* _What the task requires_: From the data below, please reproduce exactly everything from the line that contains "피부 피지 emoji" down to the line that contains "Fancy a Cuppa", with both ends included.

* _Data records_:
# # # #
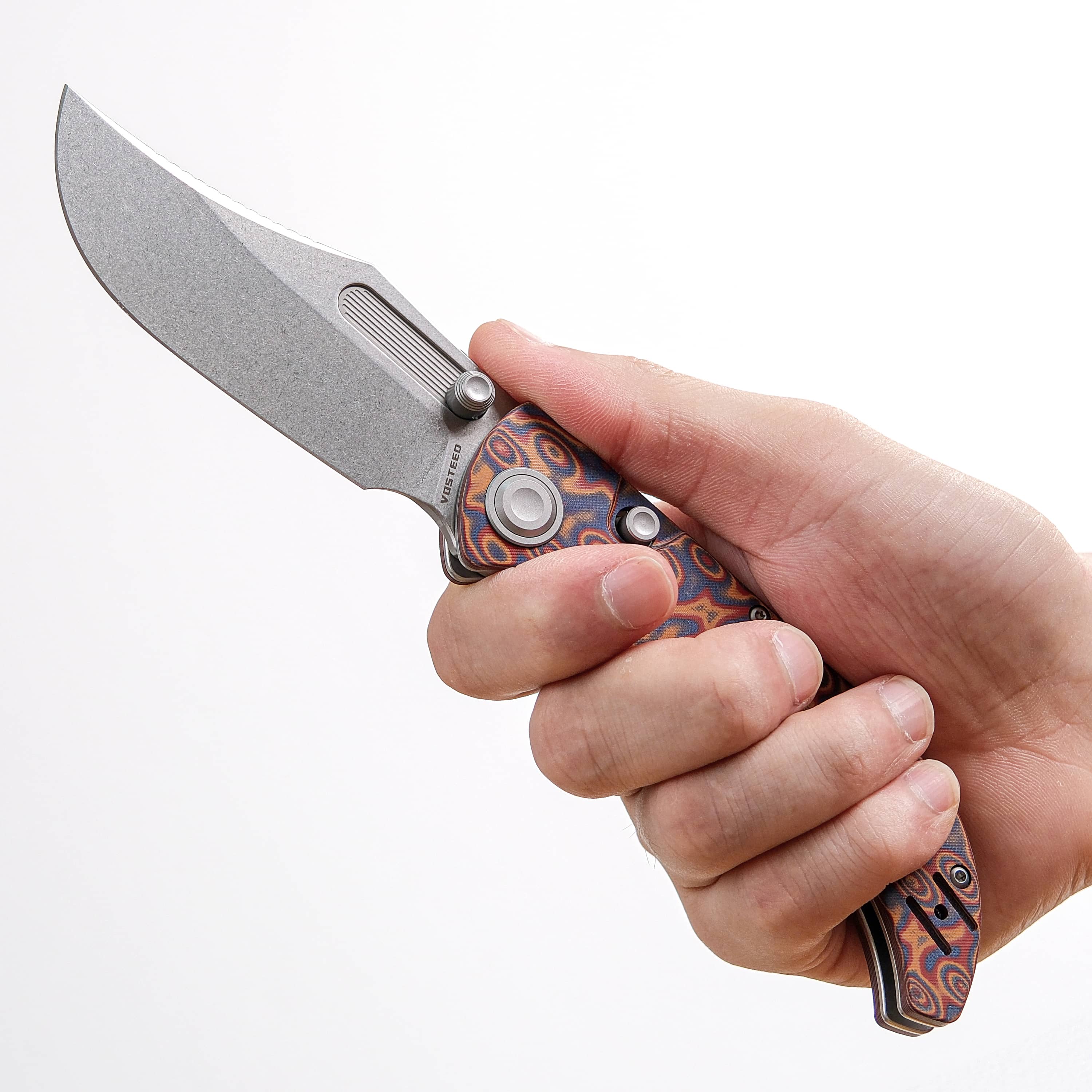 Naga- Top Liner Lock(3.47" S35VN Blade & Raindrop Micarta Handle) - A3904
# # # #
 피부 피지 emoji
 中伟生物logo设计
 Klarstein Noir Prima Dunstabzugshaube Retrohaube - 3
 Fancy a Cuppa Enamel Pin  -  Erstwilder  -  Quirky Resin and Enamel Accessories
# # # #
* _Expected answer_:
 피부 피지 emoji
 中伟生物logo设计
 Klarstein Noir Prima Dunstabzugshaube Retrohaube - 3
 Fancy a Cuppa Enamel Pin  -  Erstwilder  -  Quirky Resin and Enamel Accessories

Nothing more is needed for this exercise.